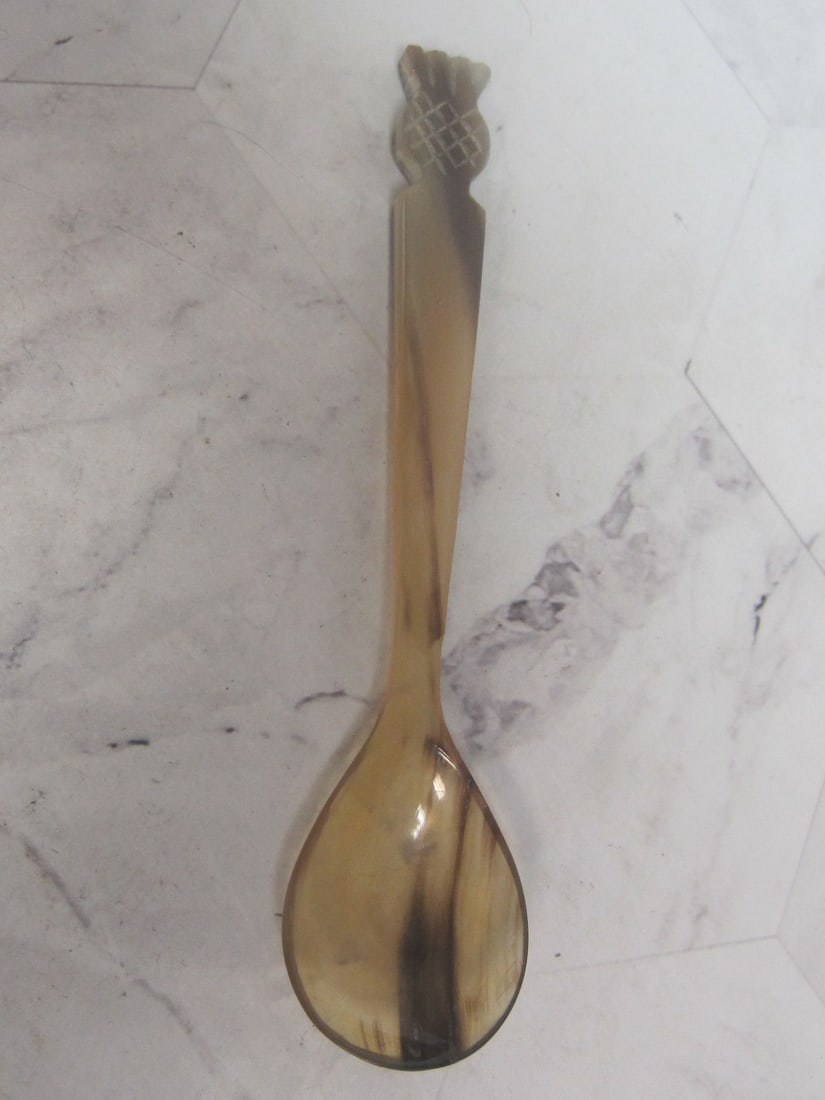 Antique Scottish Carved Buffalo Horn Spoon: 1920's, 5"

--

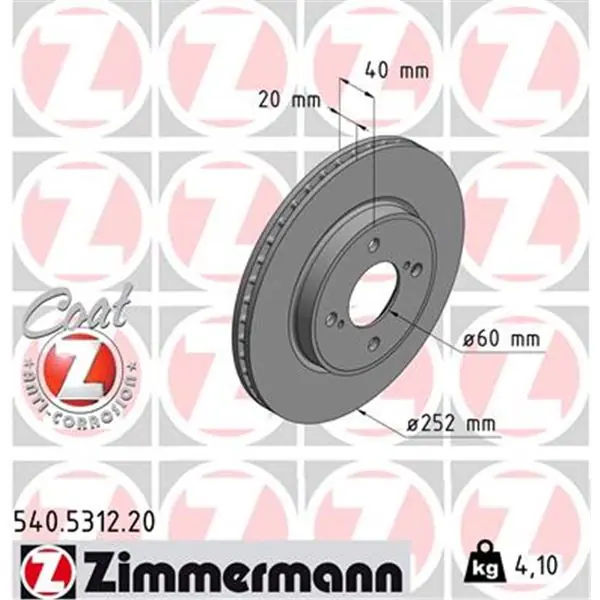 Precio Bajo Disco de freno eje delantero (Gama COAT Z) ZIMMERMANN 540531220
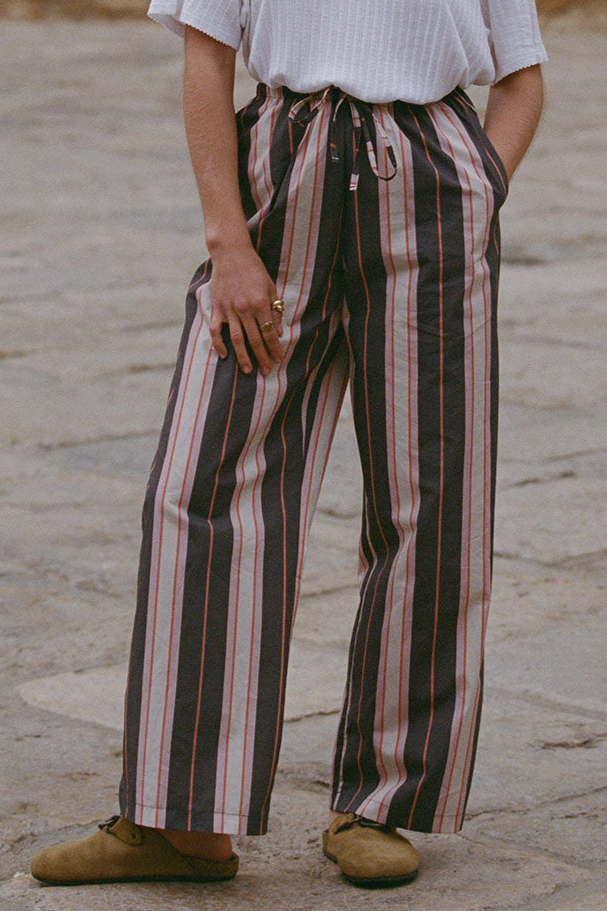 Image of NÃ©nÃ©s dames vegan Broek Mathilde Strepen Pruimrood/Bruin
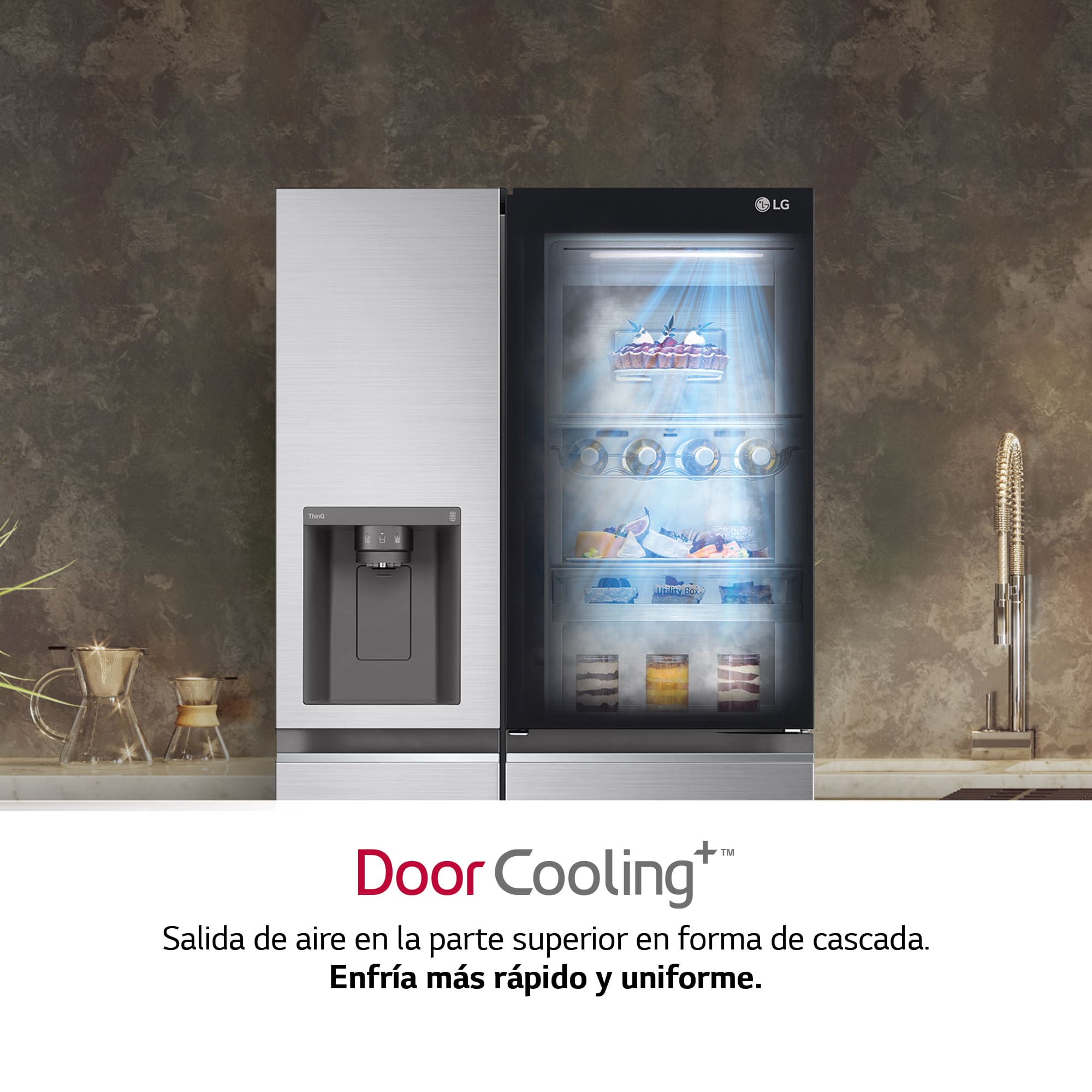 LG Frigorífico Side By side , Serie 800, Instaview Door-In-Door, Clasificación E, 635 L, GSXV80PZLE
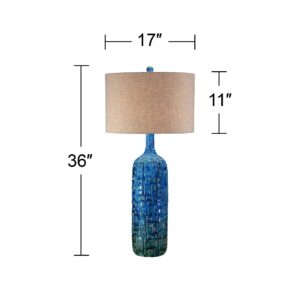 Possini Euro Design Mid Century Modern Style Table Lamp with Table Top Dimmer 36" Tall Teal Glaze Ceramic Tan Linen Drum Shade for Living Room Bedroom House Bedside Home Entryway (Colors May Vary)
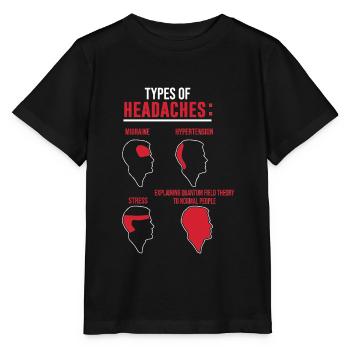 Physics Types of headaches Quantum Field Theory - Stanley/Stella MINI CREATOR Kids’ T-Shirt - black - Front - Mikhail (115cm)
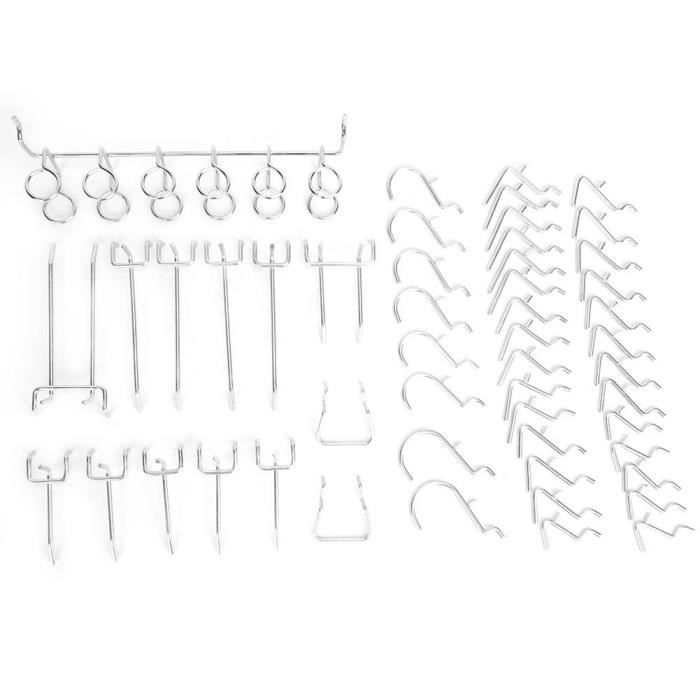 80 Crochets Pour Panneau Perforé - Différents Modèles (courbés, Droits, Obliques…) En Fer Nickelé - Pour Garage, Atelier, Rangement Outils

--

Look above for the line containing "LG Frigorífico Side", then write out every line from there down to the line containing "80 Crochets Pour", that line included, with no pictures.

 LG Frigorífico Side By side , Serie 800, Instaview Door-In-Door, Clasificación E, 635 L, GSXV80PZLE
 Possini Euro Design Mid Century Modern Style Table Lamp with Table Top Dimmer 36" Tall Teal Glaze Ceramic Tan Linen Drum Shade for Living Room Bedroom House Bedside Home Entryway (Colors May Vary)
 Physics Types of headaches Quantum Field Theory - Stanley/Stella MINI CREATOR Kids’ T-Shirt - black - Front - Mikhail (115cm)
 80 Crochets Pour Panneau Perforé - Différents Modèles (courbés, Droits, Obliques…) En Fer Nickelé - Pour Garage, Atelier, Rangement Outils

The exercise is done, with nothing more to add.